Private-sector payroll jobs rose by 111,000 in January, according to data released today by the Bureau of Labor Statistics (BLS). The release also featured benchmark revisions of the employment data, which resulted in a -621,000 revision to the private-sector jobs data through March 2024. There are a lot of moving parts within these data, so let’s take it slow.
The original payroll data we get are based on a monthly survey of payroll establishments, which typically cover only a portion of the private sector (something like 40% of employers and 60% of employees). Eventually, more complete payroll information is available when quarterly payroll tax returns are submitted, and those data are fully compiled by BLS. The benchmark revisions released today are based on full payroll tax data through the March 2024 returns.
While large, the -621,000 revision is actually smaller than the -819,000 revision for that data that BLS originally projected last summer. The revisions do imply much slower job growth than the preliminary data indicated, and there is an ongoing slowing trend in job growth detectable in these data. More to the point, the revised data show that most of the job growth over the last two years has been focused in one particular sector/industry, private education and health care. (This sector also includes ''social'' assistance, such as nursing care, child care and social work.)

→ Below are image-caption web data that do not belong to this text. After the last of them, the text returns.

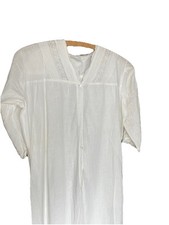 Antique cotton nightgown button front white cotton 3/4 sleeves Lace trim yoke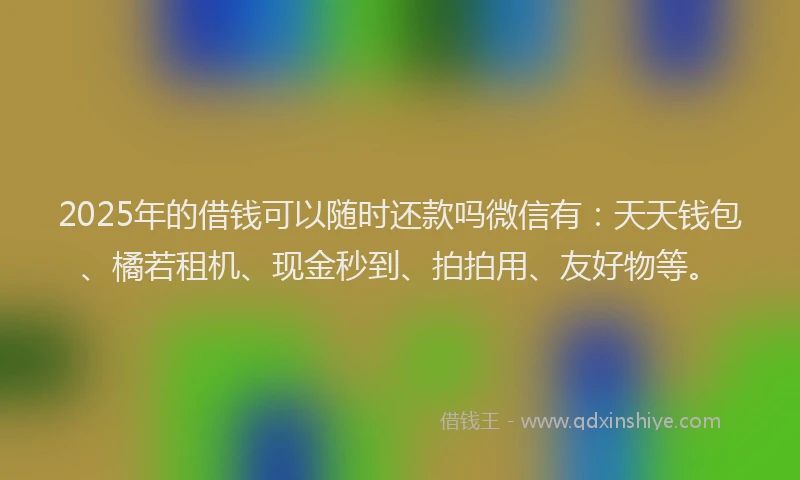 2025年的借钱可以随时还款吗微信有：天天钱包、橘若租机、现金秒到、拍拍用、友好物等。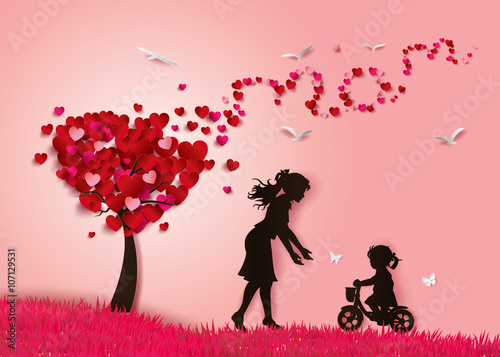 Mother and Child Love in Heart Tree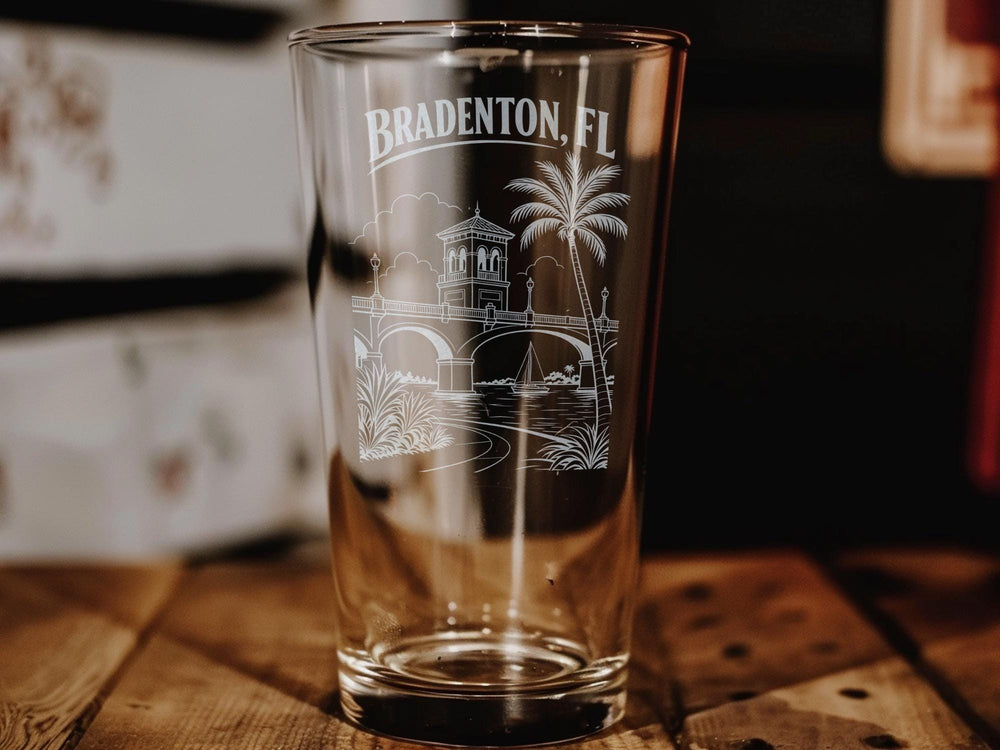 Bradenton FL Pint Glass, Bradenton Florida Souvenir Beer Glass, Florida Gulf Coast Travel Gift, Bradenton Vacation Drinkware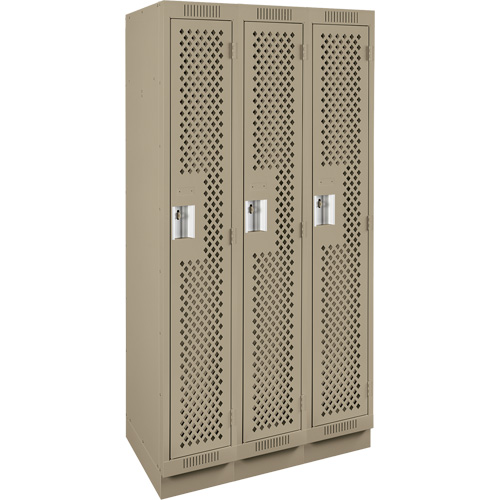 Clean Line Lockers, Bank of 3, 36" x 18" x 76", Steel, Beige, Rivet (Assembled), Perforated Nassau Supply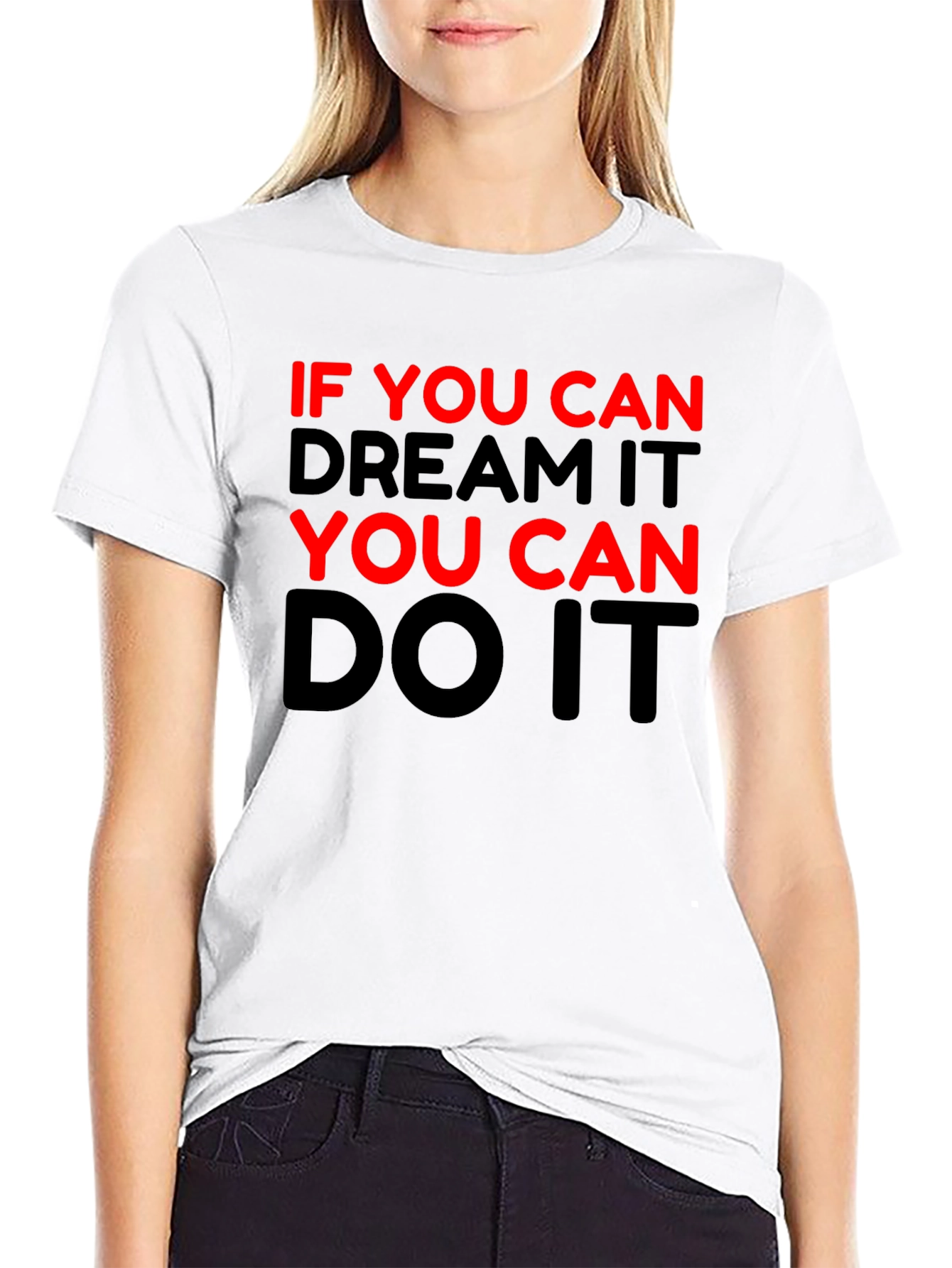 Black Motivational Black T-Shirt - Dream It Do It view 9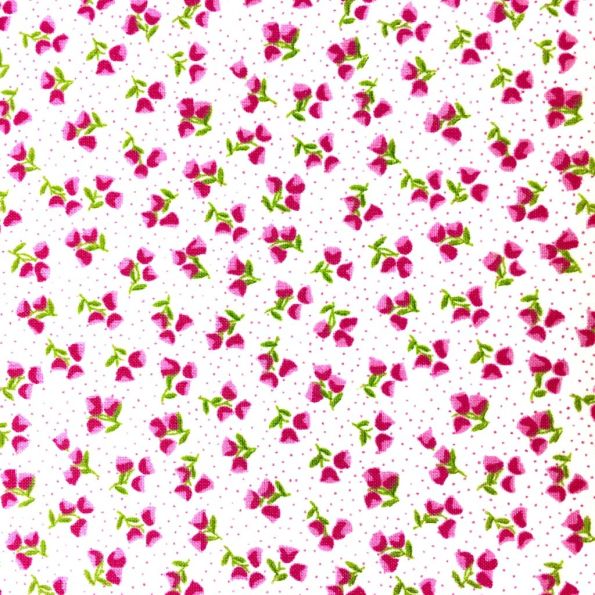 Tissu Coton imprimé Blanc Fleurs Roses - Par 10 cm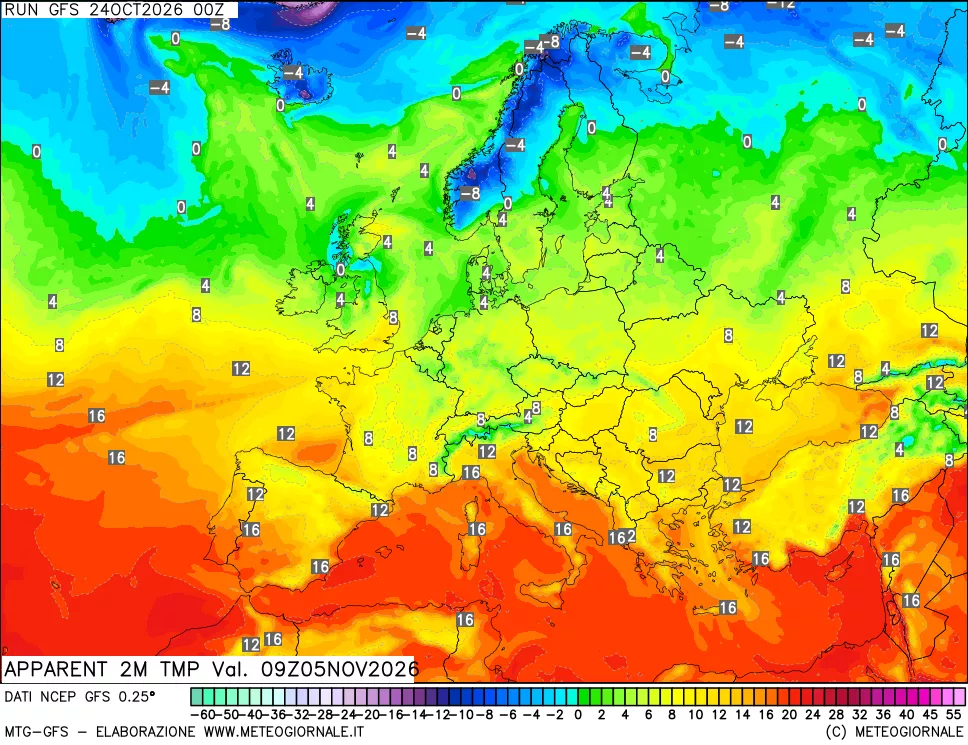 mappa Temp percepita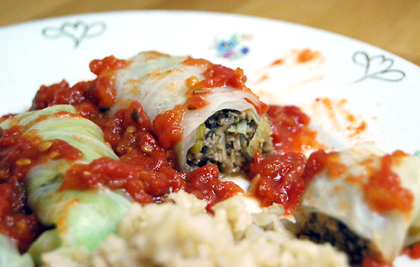 ROLLITOS DE COL BLANCA RELLENOS CON VERDURAS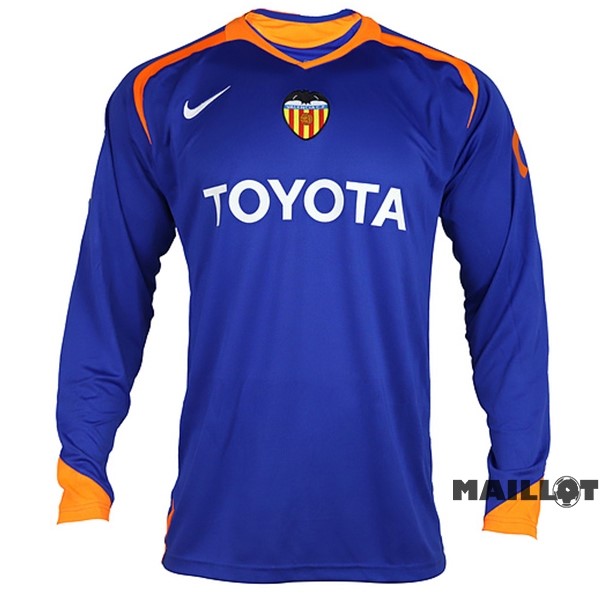 Foot Maillot Pas Cher Exterieur Manches Longues Maillot Valencia Retro 2005 2006 Bleu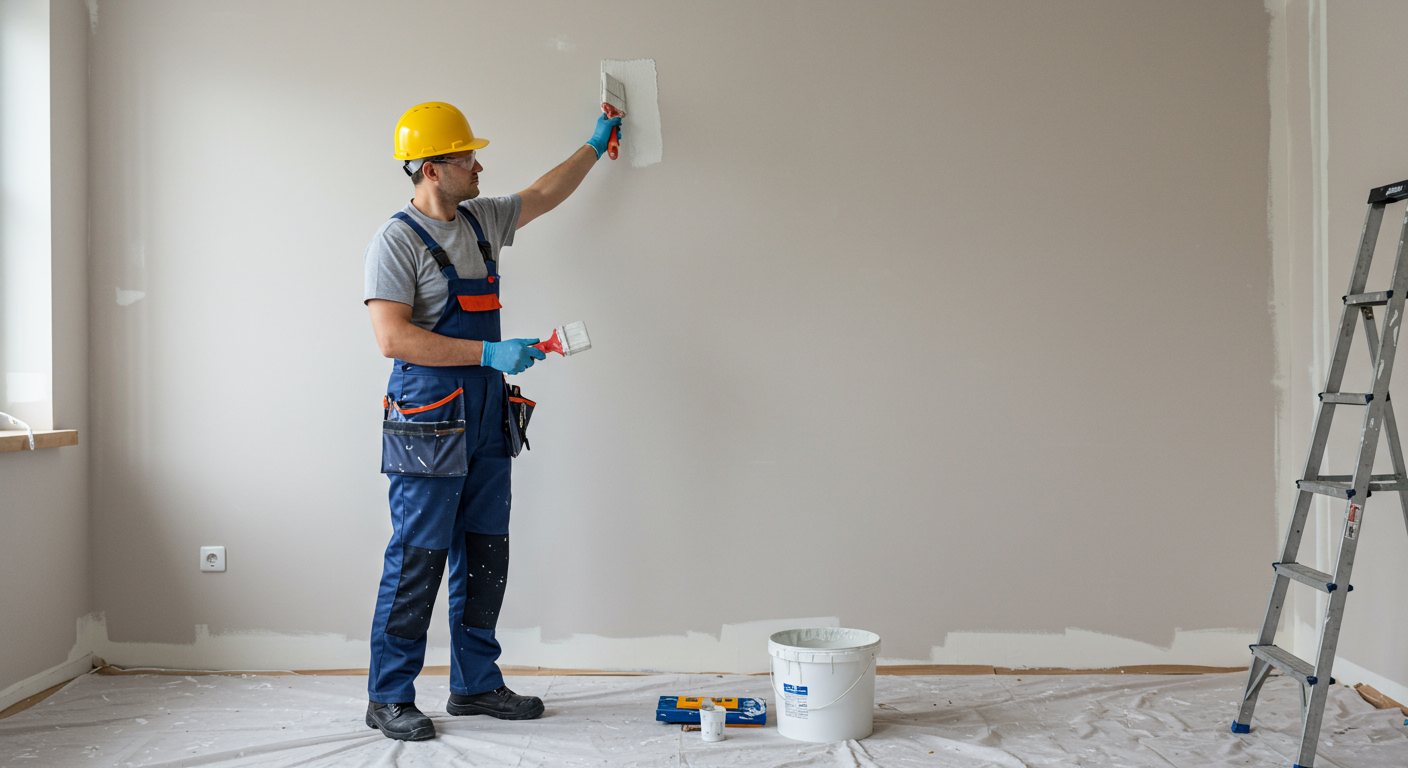 A professional painter carefully applying a coat of paint to a wall, with a ladder and tools visible. The background features a partially painted room, emphasizing the transformation process.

This sector comprises about 20% of private-sector employment. However, it has accounted for 69% of total private-sector job growth over the 21 months through December 2024. Looking at health care alone, it accounts for 13% of total private-sector jobs, but 44% of job growth over those 21 months.
In other words, while health care and related fields show continued resilient growth, growth has slowed to a sputter across the rest of the economy. Exhibit 1 shows sector details for revisions and recent growth rates.

In past posts, we have emphasized the differences in job growth between sectors especially hard-hit by the Covid shutdown (''Covid epicenter'' sectors in the charts), and the rest of the economy. Exhibit 2 shows the near-zero growth in these sectors since mid-2023, prior to a recent spurt. However, that ''spurt'' is mostly a rebound from hurricane-related job losses over July to October. In that chart, you can also clearly see the especially soft job data during hurricane months. Looking at the last seven months overall, in order to average out hurricane and post-hurricane months’ tallies, overall private-sector jobs are about 53,000 (cumulative) higher than what would have occurred had pre-July trends been recently sustained. That is within the range of measurement error.

In other words, what looks like a recent upturn in job growth is more likely statistical noise caused by the hurricanes. And, no, the economy is not dropping off a cliff. However, job growth remains very soft in most of the economy, and even the roaring growth in health care and related sectors merely brings total growth to mediocre rates.